An EfficientFramework for Performing Aggregate Queries on Continuous XML Data Streams

Abhishek Saxena

Computer Sciences Department

University of Wisconsin-Madison

Abstract

We designed, implemented and evaluated a framework for performing certain aggregate operators on XML data streams. Streams are sampled and their “synopses” are maintained in main memory using some policies such that the synopses are upto date as well as free from redundancy. Implementation of our analytical model of a weighting scheme combined with three traditional buffer replacement policies is shown to give close results to the actual sampled data values.

1 Introduction

Infinite data streams have become very common with the popularity and widespread deployment of internet and the increased demand for on-line streaming data in a variety of applications.

In particular, with the acceptance and standardization of XML [8] as an efficient language for data interchange over the Internet, efficient handling of streaming XML data becomes important. The primary concerns in streaming data model are two-fold: fast and representative sampling and efficient main-memory management due to time and memory constraints respectively.

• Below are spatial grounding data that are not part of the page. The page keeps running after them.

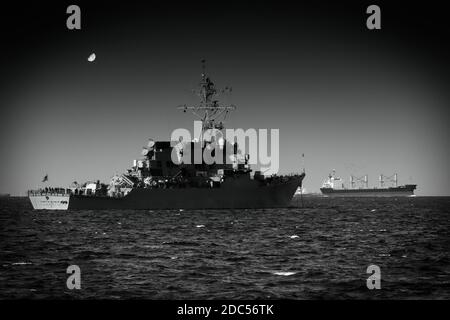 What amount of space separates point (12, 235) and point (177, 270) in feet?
75.7

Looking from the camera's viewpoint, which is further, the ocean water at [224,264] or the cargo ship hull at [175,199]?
the cargo ship hull at [175,199]

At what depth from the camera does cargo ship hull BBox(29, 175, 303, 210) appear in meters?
68.9

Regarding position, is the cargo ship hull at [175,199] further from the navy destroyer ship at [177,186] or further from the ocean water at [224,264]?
the ocean water at [224,264]

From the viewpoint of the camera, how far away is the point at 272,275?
2069 cm

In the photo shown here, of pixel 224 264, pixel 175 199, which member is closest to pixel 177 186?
pixel 175 199

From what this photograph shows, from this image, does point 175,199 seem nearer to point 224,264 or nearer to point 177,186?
point 177,186

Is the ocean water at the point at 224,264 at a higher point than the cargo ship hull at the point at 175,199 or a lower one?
lower

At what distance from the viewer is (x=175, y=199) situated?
70.2m

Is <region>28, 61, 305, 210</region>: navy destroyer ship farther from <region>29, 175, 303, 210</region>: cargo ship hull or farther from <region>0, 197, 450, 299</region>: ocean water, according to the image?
<region>0, 197, 450, 299</region>: ocean water

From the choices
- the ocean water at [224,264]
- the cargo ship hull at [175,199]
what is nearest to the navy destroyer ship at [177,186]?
the cargo ship hull at [175,199]

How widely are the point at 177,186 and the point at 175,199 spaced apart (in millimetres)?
1839

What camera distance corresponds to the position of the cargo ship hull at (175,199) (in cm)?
6894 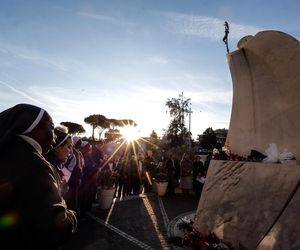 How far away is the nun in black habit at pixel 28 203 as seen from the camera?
1809mm

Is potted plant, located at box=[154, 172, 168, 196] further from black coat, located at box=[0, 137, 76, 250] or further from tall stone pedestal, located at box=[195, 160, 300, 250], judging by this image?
black coat, located at box=[0, 137, 76, 250]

In this project we explore the following issues for building an efficient framework for streaming data model:firstly, how to run aggregate operators on certain XML data streams using sampling, and secondly, how to manage main memory efficiently.

We explore the following three kinds of XML data streams and address the problems associated with each.Firstly, stock streams: in this scenario, a bunch of XML stock streams containing current stock price, stock symbol, # shares traded and current time are pouring in and the goal is to sample these streams and maintain an updated “synopsis”of each stream in main memory under the specified memory and time constraints. We propose a new weighting scheme combined with traditional buffer replacement policies – LRU, local and global buffer replacement policies to manage main memory.

Secondly, stock streams with sparsely populated elements of interest. In this scenario, the stock streams have a Nasdaq index value that is sparsely populated in the stock streams. Here the goal is to perform efficient sampling on the sparse XML elements without having too much sampler overhead and without compromising too much correctness. Here also we use some heuristics based on data streaming rate to adopt a policy for sampling sparse elements.

Thirdly, an Election Survey stream. In this scenario, we explore clustering of certain XML elements scattered all over in a stream. A stream containing election survey results from different states is pouring in from (say, the Election Commissioner’s Office) and, let there be “n” candidates contesting the election. So, our system will compute the results for each candidate across all states (i.e., across all XML elements in the stream) and generate results.

We implemented our system in Java-1.2 and used the SAX 2.0parser [6,7] to help parse the XML data streams on the fly without requiring to build a tree structure in main memory. The platform used was Linux-2.4.2. We wrote our own synthetic XML data generator to run our tests. We evaluated our system by recording sampled data and buffered synopsis data in files and comparing their values using line graphs. For a given buffer pool set and a given data streaming rate, our approach gave close results to the sampled data values. Currently, all the aggregate operators have been hard-coded into the system and the results are generated either on the standard output or in a file.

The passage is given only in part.